- **What you will do**: A faithful copy of all the data is required; pictures should not be included.

- **Supplied information**:

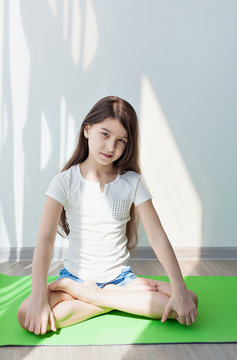 little girl doing gymnastics on a green yoga mat. doing fitness exercise,  on white background. children's fitness, yoga for kids Stock Photo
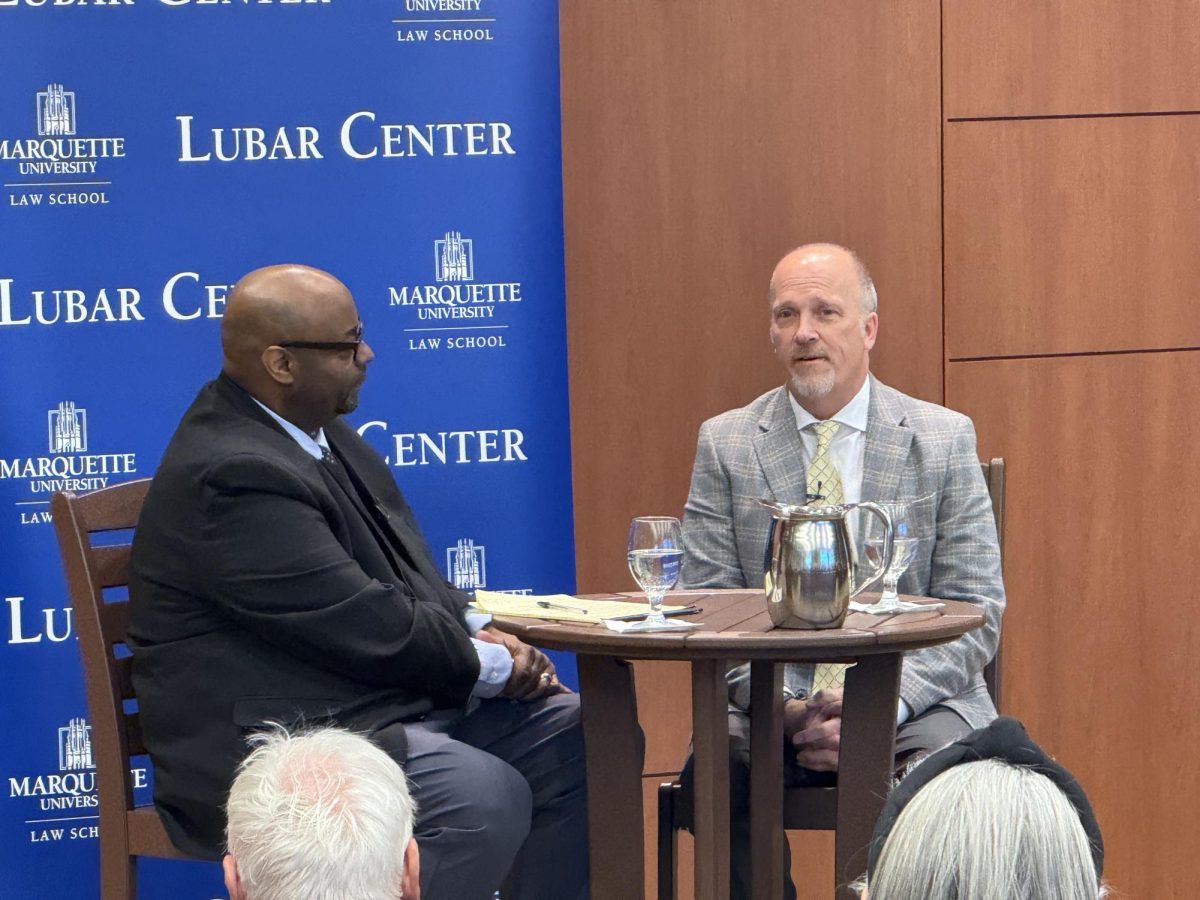 Derek Mosley, director of the Lubar Center, hosted Schimel as part of the center's "Get to Know" program series.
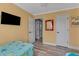 Bedroom with twin beds, access to a hallway and bathroom at 504 13Th Ave. S, North Myrtle Beach, SC 29582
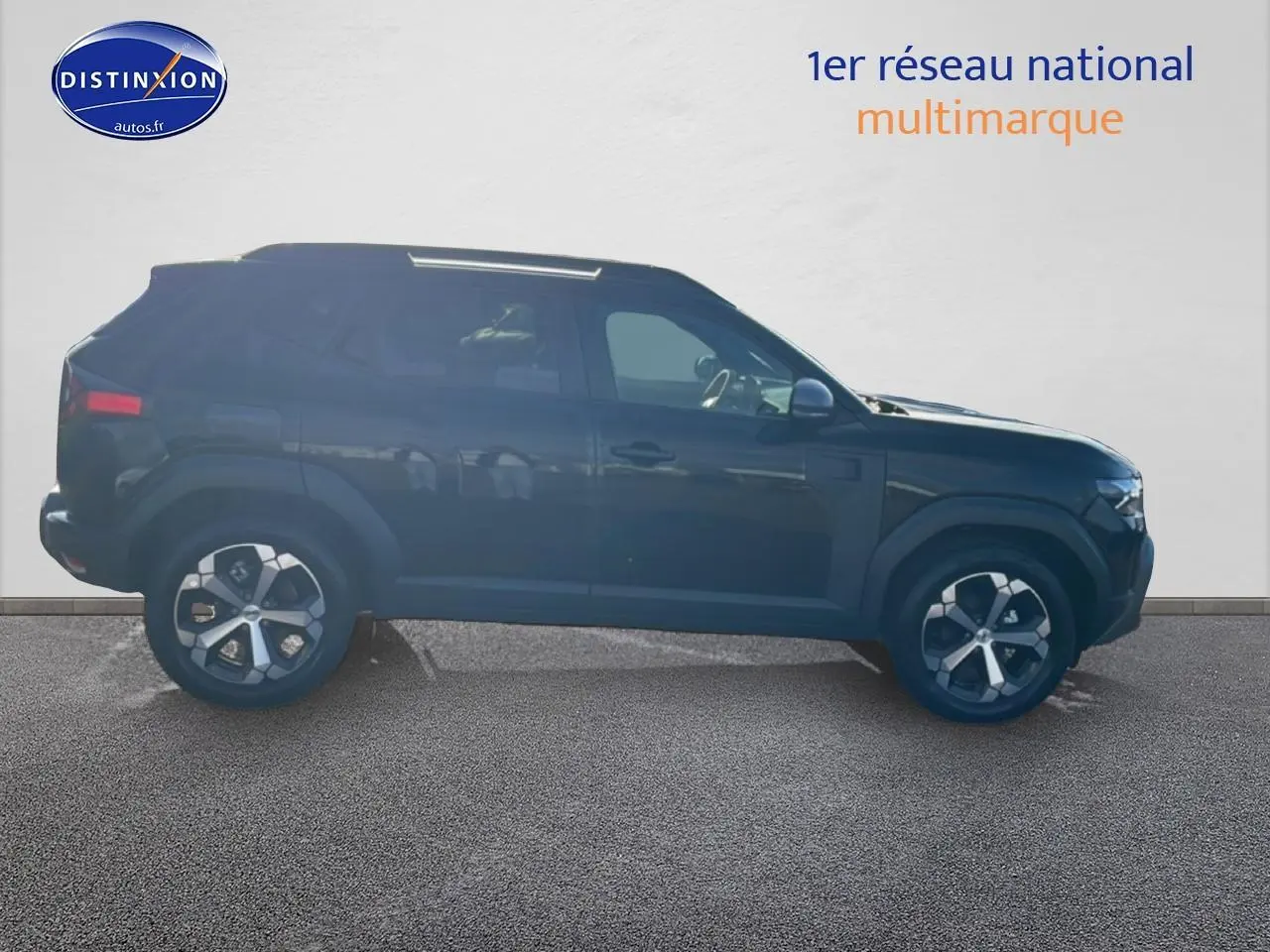 Profil côté gauche du Dacia Duster 1.2 mild hybrid noir 2026 avec jantes alu et barres de toit visibles.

- **Solution to this task**:
 little girl doing gymnastics on a green yoga mat. doing fitness exercise,  on white background. children's fitness, yoga for kids Stock Photo
 Derek Mosley, director of the Lubar Center, hosted Schimel as part of the center's "Get to Know" program series.
 Bedroom with twin beds, access to a hallway and bathroom at 504 13Th Ave. S, North Myrtle Beach, SC 29582
 Profil côté gauche du Dacia Duster 1.2 mild hybrid noir 2026 avec jantes alu et barres de toit visibles.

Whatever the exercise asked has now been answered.